Shalala, who served as president of the University of Miami and was Health and Human Services Secretary during the Clinton Administration, got 32 percent of the vote in a five-way field in the August primary, while Salazar picked up 41 percent of the vote in a field of nine.
Shalala is campaigning on her knowledge of many key Democratic issues, such as the environment, immigration reform, healthcare and preventing gun violence, while Salazar is emphasizing her personal connection to the debate over immigration, sea level rise, education reform and economic growth.
The district is known to be tricky to win as over 70 percent of constituents are Hispanic and, in Miami, cultural connection can make a big difference.
“My opponent is an implant. She doesn’t represent anybody...she cannot connect because we have a cultural code that we share…we may speak Spanish, but it goes over and beyond that,” said Salazar, a Cuban-American Miami native who at one time was a contributor to Fox News. “You need to be part of this city in order to know how it works and how it feels and how it vibrates.

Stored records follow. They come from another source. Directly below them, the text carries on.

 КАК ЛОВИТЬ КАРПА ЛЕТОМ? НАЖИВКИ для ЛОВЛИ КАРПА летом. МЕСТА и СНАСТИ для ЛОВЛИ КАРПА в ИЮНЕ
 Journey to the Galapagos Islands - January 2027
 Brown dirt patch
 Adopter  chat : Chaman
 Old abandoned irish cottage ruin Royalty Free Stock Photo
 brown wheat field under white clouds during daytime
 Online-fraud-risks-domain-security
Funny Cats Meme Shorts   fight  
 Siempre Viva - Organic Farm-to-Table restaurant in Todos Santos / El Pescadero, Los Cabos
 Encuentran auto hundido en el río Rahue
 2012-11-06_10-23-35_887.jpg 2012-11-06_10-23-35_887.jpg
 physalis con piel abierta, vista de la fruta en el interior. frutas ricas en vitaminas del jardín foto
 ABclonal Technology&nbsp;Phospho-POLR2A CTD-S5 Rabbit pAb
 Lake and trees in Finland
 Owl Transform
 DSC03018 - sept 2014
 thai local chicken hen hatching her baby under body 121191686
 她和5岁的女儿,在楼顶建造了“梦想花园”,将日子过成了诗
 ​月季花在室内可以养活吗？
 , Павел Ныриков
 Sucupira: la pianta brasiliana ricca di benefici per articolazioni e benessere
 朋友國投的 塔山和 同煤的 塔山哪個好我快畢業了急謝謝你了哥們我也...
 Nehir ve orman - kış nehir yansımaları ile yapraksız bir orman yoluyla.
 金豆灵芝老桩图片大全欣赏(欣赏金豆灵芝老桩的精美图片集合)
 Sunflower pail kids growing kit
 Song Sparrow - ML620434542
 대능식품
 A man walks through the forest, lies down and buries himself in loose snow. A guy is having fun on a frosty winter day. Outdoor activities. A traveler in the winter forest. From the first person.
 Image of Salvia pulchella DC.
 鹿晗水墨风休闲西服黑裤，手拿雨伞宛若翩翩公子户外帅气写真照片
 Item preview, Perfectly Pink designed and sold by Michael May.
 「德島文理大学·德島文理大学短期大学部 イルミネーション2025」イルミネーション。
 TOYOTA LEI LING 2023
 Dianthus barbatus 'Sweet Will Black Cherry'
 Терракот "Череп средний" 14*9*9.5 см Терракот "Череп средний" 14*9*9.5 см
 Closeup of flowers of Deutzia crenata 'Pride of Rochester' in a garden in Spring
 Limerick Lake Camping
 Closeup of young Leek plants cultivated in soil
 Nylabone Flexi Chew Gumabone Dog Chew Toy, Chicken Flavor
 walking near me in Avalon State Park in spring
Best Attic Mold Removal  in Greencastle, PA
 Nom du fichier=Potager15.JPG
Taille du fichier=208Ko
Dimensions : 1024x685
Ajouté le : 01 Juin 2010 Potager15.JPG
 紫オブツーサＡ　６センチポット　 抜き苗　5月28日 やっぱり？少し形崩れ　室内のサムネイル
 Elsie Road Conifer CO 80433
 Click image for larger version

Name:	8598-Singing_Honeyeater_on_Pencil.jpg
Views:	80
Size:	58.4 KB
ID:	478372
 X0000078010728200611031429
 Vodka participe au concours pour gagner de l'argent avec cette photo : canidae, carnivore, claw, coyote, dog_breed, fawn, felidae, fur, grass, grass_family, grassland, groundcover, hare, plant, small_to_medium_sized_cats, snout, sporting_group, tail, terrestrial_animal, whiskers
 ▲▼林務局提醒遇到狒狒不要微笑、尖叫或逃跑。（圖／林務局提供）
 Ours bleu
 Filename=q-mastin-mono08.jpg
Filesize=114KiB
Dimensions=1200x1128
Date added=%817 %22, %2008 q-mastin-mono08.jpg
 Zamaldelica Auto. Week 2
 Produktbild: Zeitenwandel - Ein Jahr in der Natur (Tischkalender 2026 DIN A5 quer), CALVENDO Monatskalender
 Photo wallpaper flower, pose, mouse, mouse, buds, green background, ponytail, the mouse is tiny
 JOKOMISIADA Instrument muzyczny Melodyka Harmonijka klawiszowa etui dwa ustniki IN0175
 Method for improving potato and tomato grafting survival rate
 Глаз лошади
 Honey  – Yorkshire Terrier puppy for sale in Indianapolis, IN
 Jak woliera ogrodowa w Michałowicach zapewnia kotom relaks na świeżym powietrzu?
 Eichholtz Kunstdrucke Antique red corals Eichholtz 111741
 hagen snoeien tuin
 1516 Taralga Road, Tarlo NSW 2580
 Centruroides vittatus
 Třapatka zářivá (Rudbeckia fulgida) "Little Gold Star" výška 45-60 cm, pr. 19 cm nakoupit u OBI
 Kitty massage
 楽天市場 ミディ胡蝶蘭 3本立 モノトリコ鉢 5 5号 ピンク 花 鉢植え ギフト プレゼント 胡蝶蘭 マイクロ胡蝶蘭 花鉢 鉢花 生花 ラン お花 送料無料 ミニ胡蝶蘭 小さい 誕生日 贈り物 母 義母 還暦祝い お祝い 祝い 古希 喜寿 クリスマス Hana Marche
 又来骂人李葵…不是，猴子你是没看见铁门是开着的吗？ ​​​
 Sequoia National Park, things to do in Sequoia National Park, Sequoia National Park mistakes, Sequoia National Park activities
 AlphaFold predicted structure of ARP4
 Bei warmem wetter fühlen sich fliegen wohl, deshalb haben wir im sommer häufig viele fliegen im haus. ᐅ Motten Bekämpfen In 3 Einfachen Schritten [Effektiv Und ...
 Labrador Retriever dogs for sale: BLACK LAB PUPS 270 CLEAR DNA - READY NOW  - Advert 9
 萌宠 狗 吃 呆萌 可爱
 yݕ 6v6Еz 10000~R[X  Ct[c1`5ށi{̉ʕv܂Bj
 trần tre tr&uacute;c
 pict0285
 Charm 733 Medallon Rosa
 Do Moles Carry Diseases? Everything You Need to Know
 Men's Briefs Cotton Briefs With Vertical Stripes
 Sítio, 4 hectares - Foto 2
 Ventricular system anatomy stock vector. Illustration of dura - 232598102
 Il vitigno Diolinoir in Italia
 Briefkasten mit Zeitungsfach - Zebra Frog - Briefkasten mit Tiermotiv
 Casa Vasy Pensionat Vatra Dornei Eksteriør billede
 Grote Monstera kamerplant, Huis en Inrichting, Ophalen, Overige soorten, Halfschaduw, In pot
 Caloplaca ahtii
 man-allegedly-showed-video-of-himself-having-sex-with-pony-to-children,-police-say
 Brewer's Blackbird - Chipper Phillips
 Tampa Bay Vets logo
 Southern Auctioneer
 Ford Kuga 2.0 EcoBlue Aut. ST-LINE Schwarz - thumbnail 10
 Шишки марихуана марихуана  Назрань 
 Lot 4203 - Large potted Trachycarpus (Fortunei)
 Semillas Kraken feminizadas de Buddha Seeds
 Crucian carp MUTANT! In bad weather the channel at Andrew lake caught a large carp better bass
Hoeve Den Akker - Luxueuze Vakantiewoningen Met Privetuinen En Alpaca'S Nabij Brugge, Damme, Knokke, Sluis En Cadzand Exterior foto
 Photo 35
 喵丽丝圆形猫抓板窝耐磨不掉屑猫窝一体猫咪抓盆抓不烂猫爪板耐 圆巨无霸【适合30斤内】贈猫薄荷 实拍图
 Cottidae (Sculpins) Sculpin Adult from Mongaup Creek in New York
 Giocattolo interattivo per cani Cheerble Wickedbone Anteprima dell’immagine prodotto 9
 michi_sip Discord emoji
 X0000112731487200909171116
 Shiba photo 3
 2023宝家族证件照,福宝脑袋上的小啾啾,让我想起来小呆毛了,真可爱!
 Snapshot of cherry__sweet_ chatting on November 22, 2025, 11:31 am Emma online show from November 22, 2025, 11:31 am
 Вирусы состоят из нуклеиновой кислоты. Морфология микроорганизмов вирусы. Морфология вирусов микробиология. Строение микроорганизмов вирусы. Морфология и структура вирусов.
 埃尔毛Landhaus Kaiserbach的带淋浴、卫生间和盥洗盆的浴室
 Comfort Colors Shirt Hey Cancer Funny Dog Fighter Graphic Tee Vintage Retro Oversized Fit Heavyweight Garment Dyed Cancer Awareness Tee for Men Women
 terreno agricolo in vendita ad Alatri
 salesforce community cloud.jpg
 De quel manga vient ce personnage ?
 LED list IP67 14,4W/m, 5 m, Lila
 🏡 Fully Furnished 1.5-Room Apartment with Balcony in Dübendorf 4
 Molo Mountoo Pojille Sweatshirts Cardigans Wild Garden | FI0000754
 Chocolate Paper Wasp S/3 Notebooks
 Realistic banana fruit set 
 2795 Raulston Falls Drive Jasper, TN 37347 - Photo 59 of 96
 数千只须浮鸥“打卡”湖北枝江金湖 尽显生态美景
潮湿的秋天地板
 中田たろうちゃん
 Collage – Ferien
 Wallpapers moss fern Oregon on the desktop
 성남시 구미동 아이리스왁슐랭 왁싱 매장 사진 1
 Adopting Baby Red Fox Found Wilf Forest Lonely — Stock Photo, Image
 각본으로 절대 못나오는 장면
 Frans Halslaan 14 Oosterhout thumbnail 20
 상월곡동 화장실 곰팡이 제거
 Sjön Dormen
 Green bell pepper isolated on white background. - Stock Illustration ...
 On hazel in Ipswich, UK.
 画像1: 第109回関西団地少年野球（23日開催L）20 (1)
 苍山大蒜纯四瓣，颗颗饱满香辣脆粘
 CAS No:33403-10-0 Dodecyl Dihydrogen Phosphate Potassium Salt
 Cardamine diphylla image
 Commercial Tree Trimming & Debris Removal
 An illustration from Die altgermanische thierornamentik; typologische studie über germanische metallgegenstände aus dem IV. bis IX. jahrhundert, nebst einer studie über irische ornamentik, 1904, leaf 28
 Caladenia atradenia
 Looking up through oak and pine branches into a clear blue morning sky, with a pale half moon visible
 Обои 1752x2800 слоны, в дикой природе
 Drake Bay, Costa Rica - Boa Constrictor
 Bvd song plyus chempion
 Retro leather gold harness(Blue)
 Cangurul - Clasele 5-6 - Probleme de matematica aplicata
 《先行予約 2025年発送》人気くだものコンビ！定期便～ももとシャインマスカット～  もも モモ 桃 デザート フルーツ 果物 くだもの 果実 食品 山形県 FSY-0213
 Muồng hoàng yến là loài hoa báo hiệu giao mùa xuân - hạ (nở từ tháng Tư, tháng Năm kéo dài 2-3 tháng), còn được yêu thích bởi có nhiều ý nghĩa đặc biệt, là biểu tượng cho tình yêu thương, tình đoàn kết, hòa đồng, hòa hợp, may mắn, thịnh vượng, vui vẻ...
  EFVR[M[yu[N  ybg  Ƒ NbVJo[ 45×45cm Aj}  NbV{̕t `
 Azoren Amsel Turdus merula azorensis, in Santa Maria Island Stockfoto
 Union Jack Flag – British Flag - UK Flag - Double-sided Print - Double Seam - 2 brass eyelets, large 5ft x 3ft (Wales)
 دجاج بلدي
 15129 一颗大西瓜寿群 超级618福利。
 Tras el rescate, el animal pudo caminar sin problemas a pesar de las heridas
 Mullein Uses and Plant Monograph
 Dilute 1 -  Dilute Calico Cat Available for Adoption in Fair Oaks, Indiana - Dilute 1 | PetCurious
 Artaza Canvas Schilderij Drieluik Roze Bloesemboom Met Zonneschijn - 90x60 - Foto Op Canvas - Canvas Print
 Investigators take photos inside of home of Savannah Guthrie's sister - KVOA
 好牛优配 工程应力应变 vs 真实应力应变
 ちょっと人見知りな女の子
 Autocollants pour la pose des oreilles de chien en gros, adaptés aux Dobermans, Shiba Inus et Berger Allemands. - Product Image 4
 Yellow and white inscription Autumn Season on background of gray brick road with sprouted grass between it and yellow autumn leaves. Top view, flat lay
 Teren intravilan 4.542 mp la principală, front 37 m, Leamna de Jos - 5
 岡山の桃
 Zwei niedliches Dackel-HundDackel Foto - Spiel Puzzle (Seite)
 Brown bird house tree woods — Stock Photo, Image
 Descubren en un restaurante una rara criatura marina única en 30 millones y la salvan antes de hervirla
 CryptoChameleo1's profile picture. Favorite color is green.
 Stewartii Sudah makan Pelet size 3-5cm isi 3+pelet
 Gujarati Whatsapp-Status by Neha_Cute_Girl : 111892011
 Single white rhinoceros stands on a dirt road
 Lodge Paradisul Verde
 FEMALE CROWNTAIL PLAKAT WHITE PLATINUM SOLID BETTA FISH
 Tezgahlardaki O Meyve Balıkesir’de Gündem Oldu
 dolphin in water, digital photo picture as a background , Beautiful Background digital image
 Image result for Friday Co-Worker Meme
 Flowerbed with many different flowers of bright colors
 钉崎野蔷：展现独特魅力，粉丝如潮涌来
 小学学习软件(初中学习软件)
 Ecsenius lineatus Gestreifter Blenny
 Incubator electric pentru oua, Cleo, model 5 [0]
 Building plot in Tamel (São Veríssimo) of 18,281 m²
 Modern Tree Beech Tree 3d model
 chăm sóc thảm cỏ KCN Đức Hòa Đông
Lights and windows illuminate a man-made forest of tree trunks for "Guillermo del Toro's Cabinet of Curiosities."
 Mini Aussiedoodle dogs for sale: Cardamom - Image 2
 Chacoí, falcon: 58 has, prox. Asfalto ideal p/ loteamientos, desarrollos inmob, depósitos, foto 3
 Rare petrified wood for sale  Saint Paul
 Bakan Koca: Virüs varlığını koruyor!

If not, you can’t connect."
Although the area has become more Democratic through the years, Ros-Lehtinen’s loyal supporters—mostly conservative Cuban-Americans—re-elected her to a fifteenth term in 2016.
“I think identity politics are extremely important in this district…I think speaking Spanish matters and you see Shalala’s team trying to catch up on some of those things,” DePalo said. “But Shalala for sure has connected with Hispanic Democrats in the district who really relate to her on a lot of the issues that she is promoting.”
Democratic strategist Maurizio Passariello said Cuban-American voters are no longer as conservative as they used to be.
“It’s a very Hispanic district, but the problem is that once Hispanics begin to integrate and no longer consume Hispanic media or don’t speak Spanish in their daily lives at home, they begin to act more like the general voters in the population,” he said. “So, although there is a significant Hispanic component to this, they’re not necessarily moved because a candidate is of one ethnicity over another.”
Democrats said they are not worried about Salazar. They believe Shalala has a strong chance at picking up the seat.
“Washington’s unpopular agenda has forced Republicans to play defense across the country, making this open seat a top pick up opportunity for Democrats," said Cole Leiter, a spokesperson for the Democratic Congressional Campaign Committee. " And the matchup between Donna Shalala, a proven, independent leader who has made health care more affordable for millions of Americans, against a Republican whose loyalty is to President Trump and not South Florida, gives working families in Miami a stark choice this November.”
Both candidates have been endorsed by prominent political names—Shalala by Hillary Clinton and Salazar by the retiring congresswoman herself.
In a statement to Fox News, a spokesperson for the National Republican Congressional Committee, or NRCC, said, “We couldn’t be more pleased with the striking contrast between Donna Shalala and Maria Elvira Salazar…We are working closely with the Salazar campaign and are excited about our chances to keep this seat in our column. In a district that Clinton won by 20 points, this is shaping up to be a devastating loss for Democrats.”
DePalo said Hispanics will be the wildcard in a district that is one-third Republican, one-third Democratic and one-third independent.
Early voting for the midterm elections in Miami-Dade County begins October 22.